Again, it was an innocent question. She said it politely. On its face, the interaction would surely seem innocuous enough. But remember..my mind has a mind of its own. I heard, “Aaron, you’re doing a crappy job with that. Switch spots with me so I can do it right!”
I grunted as I dipped the first slice into the bowl of egg.

After the breading was done, the zucchini chips were ready to go in the oven. Sarah slid them in and set the timer for when we would need to flip them. After they were flipped, it’d just be a few more minutes before we’d heat up the meatballs and be ready for dinner.
I had a smile on my face, but inside I was still pouring over what had happened earlier. “She doesn’t think I can do this stuff,” I thought. “She has to take over everything,” I stewed. I was awoken from my self-focused stupor by an alarming sound.
The fire alarm.
Smoke had begun to gather in our apartment — so much so that our smoke detector thought there was a fire. Well, this had happened before. Sarah hurriedly opened the windows while I grabbed a towel to wave in front of the smoke detector to clear the air.
After the blaring alarm had finally shut off (hopefully it didn’t scare the neighbors), I stopped to think. The smoke detector did it’s job — it detected smoke. As all of us budding survivalists know, where there’s smoke there’s fire. Except…there was no fire. It was a false alarm. This loud, obnoxious blaring had happened for the wrong reason. There was smoke, but there was no fire. Smoke is hazy. It clouds the view. I’m grateful that our smoke detector goes off so quickly, don’t get me wrong. I’m glad it’s there to protect us. But in this case, it was overprotective.
What is a useful trait in smoke detectors can be a very poor trait in the mind, however. As I thought about it, I realized how overprotective I had been…of myself.
I thought I sensed smoke — rather my wife’s indignation and perceived superiority. Instead, she was just trying to make some tasty zucchini chips. There was no malice in what she had said. But I interpreted smoke, and my alarm went off.
Marriage has helped me see that we need to be aware of the narratives we tell ourselves. Our internal “smoke detectors” can be deceiving. That’s because in most situations, we look out for our own best interests. We try to save face or make ourselves look good.
But as a husband, I need to be looking out for my wife above myself. I need to be self-sacrificing and willing to serve. I made a vow to love and cherish her. It’s hard to do that when I’m too busy being worried about little old me.

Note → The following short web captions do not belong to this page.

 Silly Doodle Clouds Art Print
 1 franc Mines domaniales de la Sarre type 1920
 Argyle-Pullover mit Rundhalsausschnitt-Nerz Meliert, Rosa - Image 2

Did Sarah do anything wrong? Absolutely not! She wasn’t nagging or being inconsiderate. She just wanted to make the zucchini chips the right way. And her motivation in doing that wasn’t selfish at all — she wanted her husband to have something good to eat.
When the food was all ready, we sat down to dinner. I crunched into a zucchini chip. Mmmmm…so good! The breading was perfect, and they weren’t burnt. You see, I had already proven what happened when I was allowed to have the controls of cooking zucchini chips — they get burnt. But when I had my wife to help me, they turned out just fine.
This is a lesson I’ll undoubtedly keep learning the rest of my life. Being married is hard work. There are many life lessons to be learned. But on this day, I heard the message loud and clear because it came in the form of a blaring firm alarm.
I encourage you, beware of false fire alarms in your own life. Be willing to look through the smoke to see what’s really there. Sometimes, you will find little fires that you must put out before they become raging infernos. But, in my experience, most times it’s just smoke.